• [Your objective]:
Every line of the listing below is to be duplicated exactly, with the pictures left out.

◆ ◆ ◆ ◆ ◆

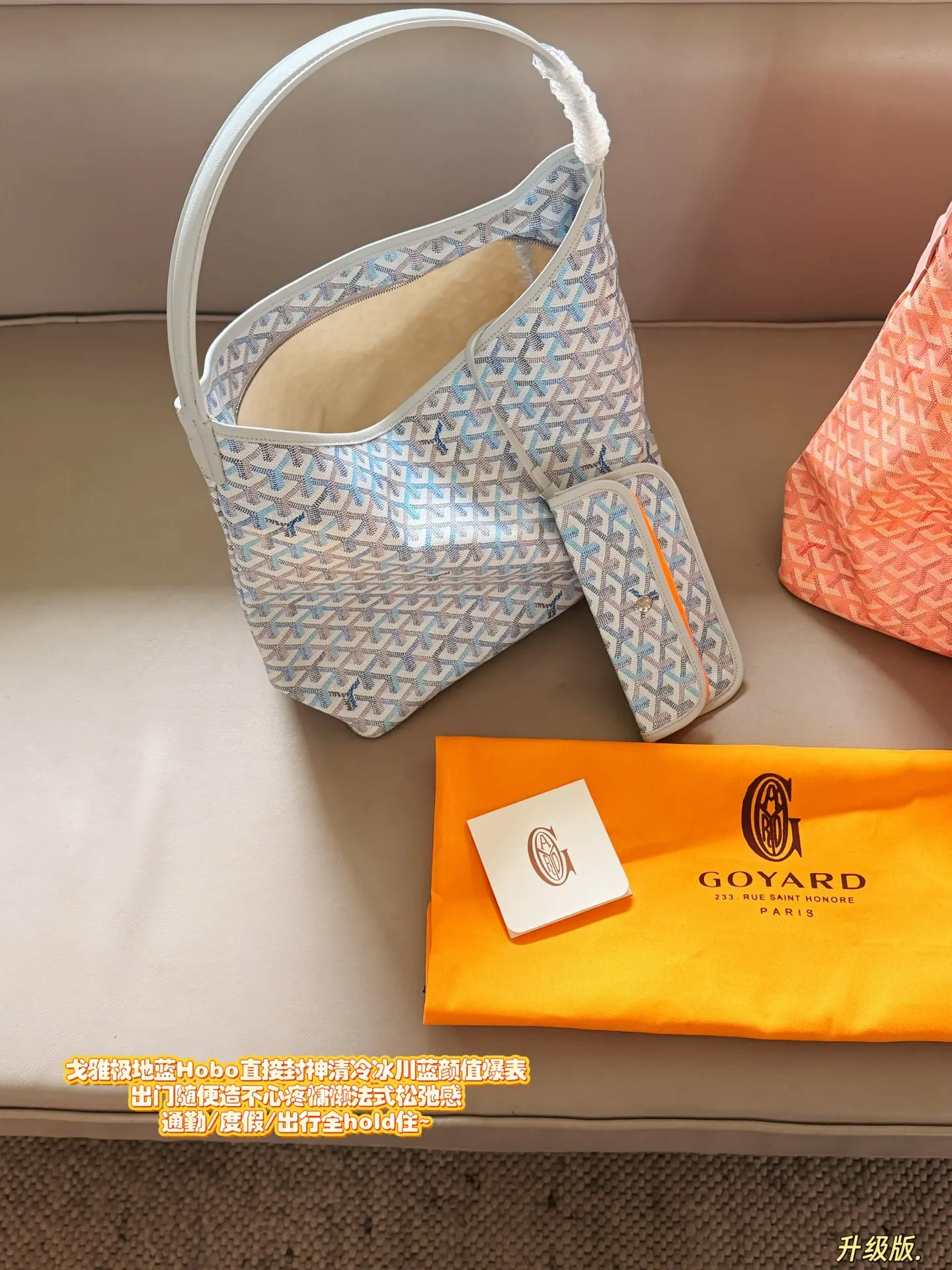 Goyard Hobo Tote Bag D31018235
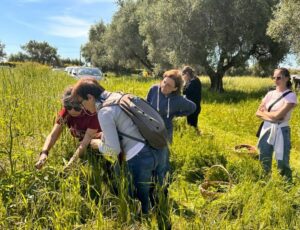Recognizing and picking wild herbs (Ladispoli, Italy)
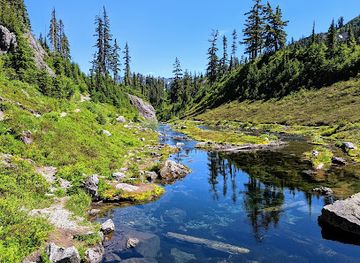 washington/mount-baker/attraction/mt-baker-snoqualmie-national-forest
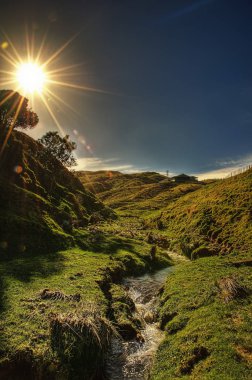 Makara Beach Yeni Zelanda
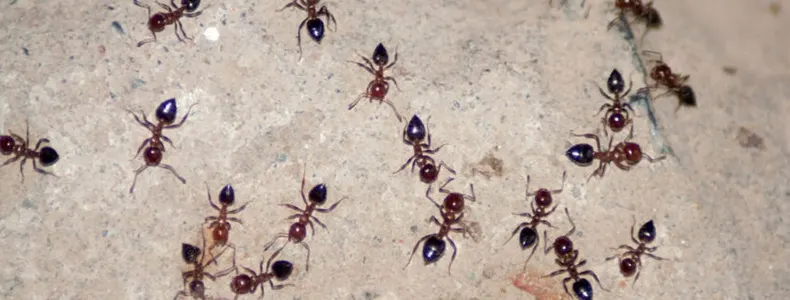 An image of ants swarming on concrete inside a home.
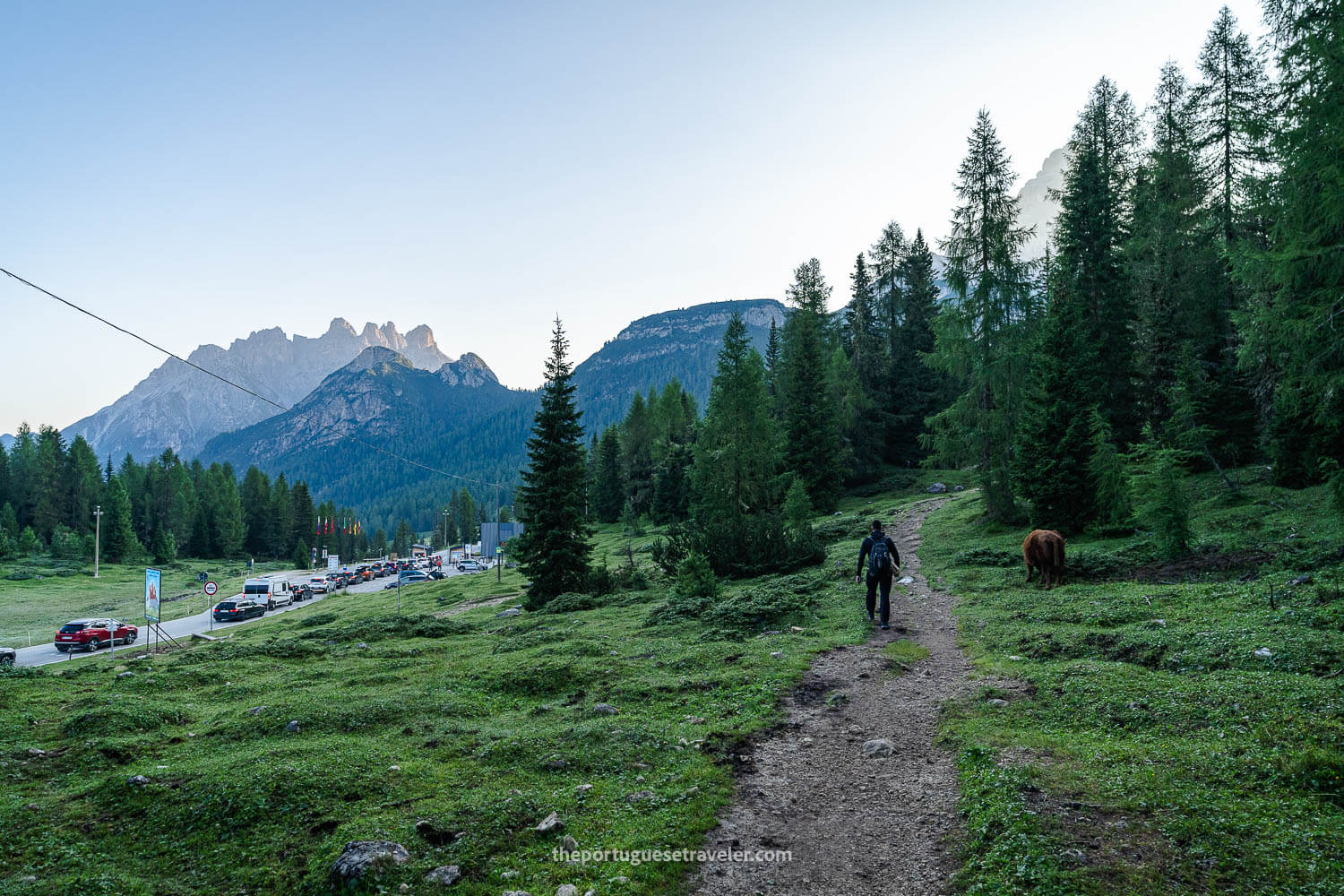 The car toll, the trail 101 and cows all in one photo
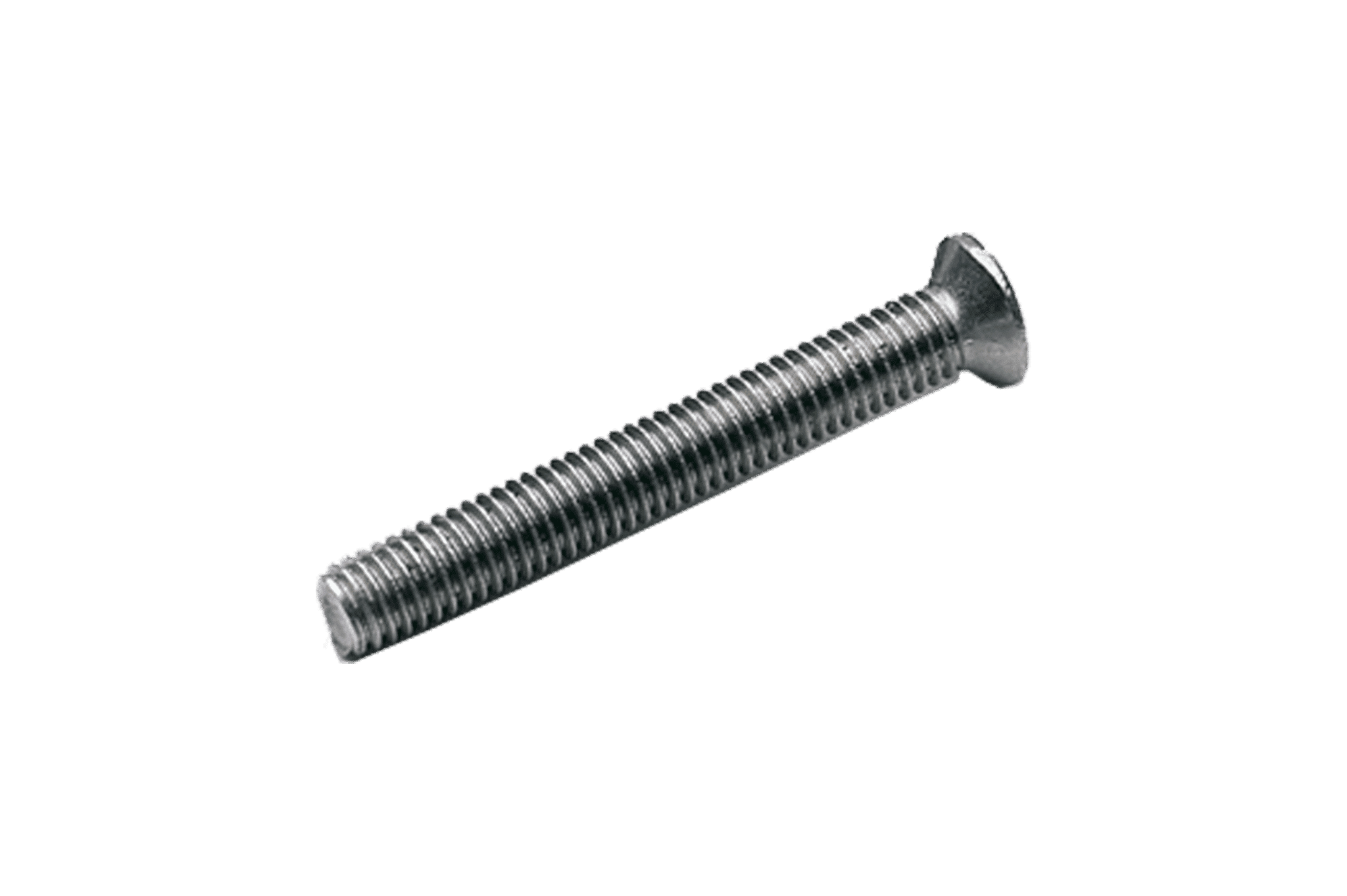 Stainless steel screw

◆ ◆ ◆ ◆ ◆

• [Answer to this exercise]:
 Goyard Hobo Tote Bag D31018235
Recognizing and picking wild herbs (Ladispoli, Italy)
 washington/mount-baker/attraction/mt-baker-snoqualmie-national-forest
 Makara Beach Yeni Zelanda
 An image of ants swarming on concrete inside a home.
 The car toll, the trail 101 and cows all in one photo
 Stainless steel screw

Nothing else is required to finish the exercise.